Monitoring our groundwater and resources that depend on it

We use monitoring data to establish the baseline of groundwater quantity and quality. Ongoing assessment ensures sustainable use and early detection of water quantity and quality changes. Monitoring strategies need to be cost sensitive and critical. This guarantees the collected datasets are relevant for the assessment and management of groundwater resources.

The monitoring of groundwater and its dependencies, such as ecosystems or ground deformation, is most often undertaken using direct and derived field measurements. While the characterisation of the aquifer system ( hydraulic parameters, aquifer compressibility) relies on derived information, the system behaviour (groundwater heads, water quality, environmental tracers, land subsidence) is usually measured directly.
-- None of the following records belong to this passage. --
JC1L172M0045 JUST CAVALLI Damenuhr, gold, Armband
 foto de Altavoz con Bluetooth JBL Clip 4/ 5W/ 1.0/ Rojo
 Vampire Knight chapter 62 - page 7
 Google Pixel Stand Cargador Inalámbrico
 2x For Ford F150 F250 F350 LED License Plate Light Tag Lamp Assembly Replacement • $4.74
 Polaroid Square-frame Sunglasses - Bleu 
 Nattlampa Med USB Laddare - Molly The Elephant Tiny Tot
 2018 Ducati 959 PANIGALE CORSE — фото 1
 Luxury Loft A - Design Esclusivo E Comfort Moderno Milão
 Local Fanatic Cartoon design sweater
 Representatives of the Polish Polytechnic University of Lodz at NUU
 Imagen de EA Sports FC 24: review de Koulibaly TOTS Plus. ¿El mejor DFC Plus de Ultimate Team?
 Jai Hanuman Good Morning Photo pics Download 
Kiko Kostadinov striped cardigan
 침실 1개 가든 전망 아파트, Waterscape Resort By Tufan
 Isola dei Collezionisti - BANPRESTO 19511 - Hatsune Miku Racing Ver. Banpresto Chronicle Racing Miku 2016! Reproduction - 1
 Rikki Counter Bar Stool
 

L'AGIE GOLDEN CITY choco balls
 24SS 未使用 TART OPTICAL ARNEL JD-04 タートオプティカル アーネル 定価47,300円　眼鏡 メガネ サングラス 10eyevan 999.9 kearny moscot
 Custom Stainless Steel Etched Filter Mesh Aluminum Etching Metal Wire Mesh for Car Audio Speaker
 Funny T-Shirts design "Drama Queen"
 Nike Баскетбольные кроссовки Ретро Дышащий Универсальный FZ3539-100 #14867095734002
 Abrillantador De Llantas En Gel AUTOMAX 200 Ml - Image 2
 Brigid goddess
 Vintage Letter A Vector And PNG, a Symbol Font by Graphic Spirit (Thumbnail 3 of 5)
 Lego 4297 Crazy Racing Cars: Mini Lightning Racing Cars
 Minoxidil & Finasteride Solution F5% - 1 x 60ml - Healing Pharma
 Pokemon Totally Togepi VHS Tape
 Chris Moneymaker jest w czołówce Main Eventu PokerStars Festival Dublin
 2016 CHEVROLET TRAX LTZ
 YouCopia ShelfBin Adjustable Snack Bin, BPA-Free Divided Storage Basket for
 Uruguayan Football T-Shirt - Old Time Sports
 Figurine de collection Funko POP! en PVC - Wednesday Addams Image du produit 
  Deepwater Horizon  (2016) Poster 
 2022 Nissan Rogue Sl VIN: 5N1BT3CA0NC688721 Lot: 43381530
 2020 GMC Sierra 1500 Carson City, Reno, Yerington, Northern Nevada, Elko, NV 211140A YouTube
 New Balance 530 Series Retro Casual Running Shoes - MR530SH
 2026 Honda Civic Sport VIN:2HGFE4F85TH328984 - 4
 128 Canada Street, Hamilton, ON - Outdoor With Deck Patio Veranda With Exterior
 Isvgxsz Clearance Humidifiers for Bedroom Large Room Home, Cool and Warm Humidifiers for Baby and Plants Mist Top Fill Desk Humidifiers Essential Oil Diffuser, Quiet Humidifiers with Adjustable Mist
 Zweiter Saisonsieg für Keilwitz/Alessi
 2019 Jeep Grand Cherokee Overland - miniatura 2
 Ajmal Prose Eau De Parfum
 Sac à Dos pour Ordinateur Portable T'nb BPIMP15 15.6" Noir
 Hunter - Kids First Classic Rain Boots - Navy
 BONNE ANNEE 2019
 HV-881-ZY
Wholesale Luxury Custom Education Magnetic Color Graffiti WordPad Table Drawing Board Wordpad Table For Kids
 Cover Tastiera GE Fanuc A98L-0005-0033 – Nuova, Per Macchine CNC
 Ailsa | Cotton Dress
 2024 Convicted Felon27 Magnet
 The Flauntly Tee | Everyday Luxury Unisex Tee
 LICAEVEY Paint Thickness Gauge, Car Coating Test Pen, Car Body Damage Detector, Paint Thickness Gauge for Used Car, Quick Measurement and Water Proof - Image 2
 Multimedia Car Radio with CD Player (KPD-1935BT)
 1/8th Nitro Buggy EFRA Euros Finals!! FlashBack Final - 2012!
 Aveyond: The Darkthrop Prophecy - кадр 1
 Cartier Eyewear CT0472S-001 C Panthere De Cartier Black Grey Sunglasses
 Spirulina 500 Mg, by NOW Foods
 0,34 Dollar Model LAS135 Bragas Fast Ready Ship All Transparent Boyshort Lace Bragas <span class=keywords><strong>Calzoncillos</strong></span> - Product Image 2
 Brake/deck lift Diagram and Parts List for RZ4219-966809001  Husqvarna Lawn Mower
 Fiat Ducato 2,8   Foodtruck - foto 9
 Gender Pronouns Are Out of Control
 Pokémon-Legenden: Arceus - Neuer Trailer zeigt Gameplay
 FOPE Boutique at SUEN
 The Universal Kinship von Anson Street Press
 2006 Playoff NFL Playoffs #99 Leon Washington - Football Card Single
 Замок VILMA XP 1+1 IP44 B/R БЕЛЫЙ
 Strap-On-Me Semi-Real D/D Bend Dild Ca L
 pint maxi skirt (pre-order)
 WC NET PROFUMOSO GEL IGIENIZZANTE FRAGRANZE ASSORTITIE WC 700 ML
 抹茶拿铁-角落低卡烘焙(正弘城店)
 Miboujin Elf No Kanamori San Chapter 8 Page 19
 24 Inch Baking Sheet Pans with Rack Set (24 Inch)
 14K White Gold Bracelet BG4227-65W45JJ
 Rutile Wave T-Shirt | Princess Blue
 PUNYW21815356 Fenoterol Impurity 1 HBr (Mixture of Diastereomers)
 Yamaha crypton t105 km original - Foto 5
Such data, however, is expensive and not always available at sufficient spatial and temporal resolution. Geophysics, remote sensing and other data sets also provide a highly valuable and cost-efficient source of information to fill gaps in groundwater monitoring data. The type and amount of monitoring data required to inform management decisions and constrain modelled predictions of management interest vary considerably depending on the objectives of monitoring.

Our response

Cost-effective new methods and tools provide maximum return

We are developing methods that help to devise optimal and cost-effective strategies for groundwater monitoring that identifies the type, number and locations of groundwater observations that can provide maximal return on investment for a given objective(s). We are also inventing new techniques to extract as much reliable information as possible for a given set of monitoring data.

These methods and tools facilitate smart data acquisition – identifying both the most appropriate data type and the optimal locations/times for sampling. The techniques can be used to develop effective new monitoring networks or to improve existing monitoring programs and can be tailored to regional or local areas of interest. They help to ensure that the maximum knowledge gain is obtained from a fixed field campaign budget.

We work alongside partners such as State and Federal water management jurisdictions and regulators, such as the New South Wales Department of Planning, Industry and Environment (NSW-DPIE), alliances like the Gas Industry Social and Environmental Research Alliance (GISERA), industry, and land holders to apply these tools and methods for informing groundwater monitoring and management decisions.

The results

Evidence for impact assessment, response management and early warning

Our research has been used to inform groundwater monitoring strategies to better assess the impacts of onshore gas development in Eastern Australia. Our methods have also been used to identify areas with high likelihood of finding groundwater in South Australian regions where field data sets are highly sparse. Our methods allow a cost-effective and adaptive monitoring strategy that support evidence-based decision making for sustainable water resource management.

Predicted groundwater salinity maps using machine learning techniques for the Musgrave Province, South Australia where very limited monitoring data are available.

Novel space-borne platforms provide new opportunities in quantitative groundwater monitoring. For example, geodetic ground deformation and time-variable gravity data (GRACE) inform on groundwater storage change at different scales. While they are both highly cost-effective and able to cover large areas, their resolution and unusual sensitivity require expertise for integration into typical groundwater monitoring schemes. We are using spaceborne radar imagery (InSAR) from a diversity of orbital platforms, including our in-house radar NovaSAR, to monitor groundwater dependencies such as land subsidence and health of Groundwater-Dependant Ecosystems (GDEs). In turn, monitoring these groundwater dependencies allow us inferring groundwater storage anomalies.

Our space-borne monitoring systems are used to create evidence base and decision-support basis for groundwater response management and as early warning systems for land holders and regulators. Future risk assessments of the feedback of land deformation on surface-water systems, such as the Murray Darling Basin, will benefit from increased confidence on improved deformation observations and models that are informed and constrained by those data. This will become exceedingly more important as pressure on groundwater extractions will most likely increase as a result of climate-change related surface-water shortage.